Posted 06 June 2007 - 10:08 AM
Im new to this site and very excited about what i can contribute (from bad experiences) and gain from my fellow cinematographers.
anyways, i'm creating a specialty cooking DVD this summer and have tons of questions. I'm going to go through just a little bit at a time but for now, here is the dilemma:
i do not have a studio kitchen, but i've found some REALLY nice kitchens amongst some friends and was hoping to produce this DVD from there. In a sense i want this DVD to look almost exactly what one would find on the Food Network with Giada and Rachel Ray etc. but i dont have 5+ cameras etc.
i've got just two cameras for these kitchens (each image is 2MB, so give it time to load) and i want to do as few takes as possible (to keep a good continuity). How would you setup the cameras and lighting? Would it be just one on a tripod and one with a cameraman holding a steadicam? what about getting shots above the stove?
kitchen 1 - main cam
kitchen 1 - wil this window be a lighting issue?
kitchen 1 - larger view of the set
kitchen 1 - other side of the same kitchen - Another possible set?
kitchen 2 - main cam view
kitchen 2 - side view
Posted 06 June 2007 - 02:11 PM
Posted 06 June 2007 - 07:28 PM
Throughout the day the sun will also change and the light will therefore change, and you may run into continuity problems in editing.
I think you should look into replacing the kitchen loghts with daylight rated bulbs and/or block out the windows...

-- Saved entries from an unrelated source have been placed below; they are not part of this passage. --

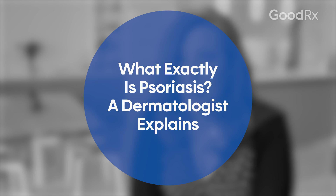Psoriasis is a chronic skin condition where faulty signals from the immune system cause skin cells to form more rapidly than usual. That causes skin cells to be more immature, so they'll turn red and cause thick scales to form as well. Normal skin cells will mature over a period of about two months and shedding will happen over three months. In psoriasis, skin cells can mature in only about five days.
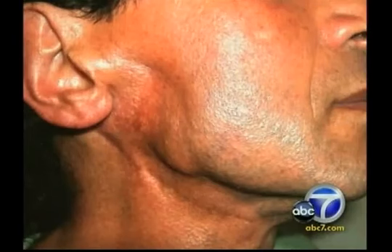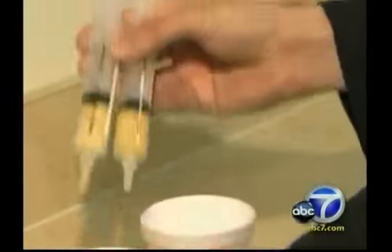By placing fat cells enriched with stem cells next to bone, Dr. Newman says he can actually grow bone and make it stronger and bigger. He also notes there is no risk of rejection because the patient's own fat and stem cells are used.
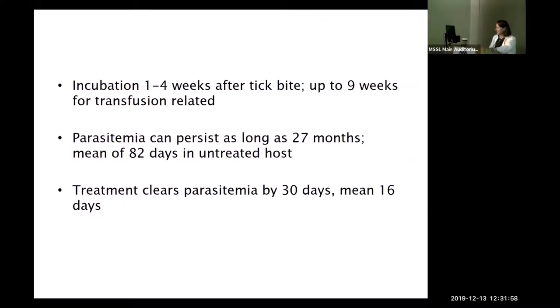The incubation period is 1 to 4 weeks after a tick bite, but up to 9 weeks if transfusion-related, depending on organism load. Patients with an intact spleen may not even get sick. Asplenic patients — whether functionally or surgically asplenic — have major problems with babesia. Parasitemia can persist as long as 27 months with a mean of 82 days in untreated hosts. Treatment clears parasitemia within 30 days, though it can take a while — don't give up.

I am sure that some smarter and more experienced people here will have better advice....
Posted 06 June 2007 - 08:23 PM
As far as cooking shows, I'm not too familier with them so my advice on staging it may be off, but my biggest concern is the layout of the kitchen. The island in the middle is nice to see all the dishes and some preperation, but as far as stove/cooking, that will probably be your trickiest part. The problem with it being where it is and all that counter space in general, is it induces a back/profile view of your host, which I do not think would be desirable. My suggestion is just plan out how your host will prepare all the dishes, and have he/she work with that island space and staging the camera around there shouldn't be too hard. For stove shots have the host do everything with the stove as normal and just have his/her back to camera. Then when all the masters are done, go to some inserts of the stovetop. Bring in some light, get a jib/steadicam over the burners and redo the inserts. Be sure to take pictures of the stove if possible while shooting masters, and have someone remember what was where for continuity.
Edited by David Regan, 06 June 2007 - 08:24 PM.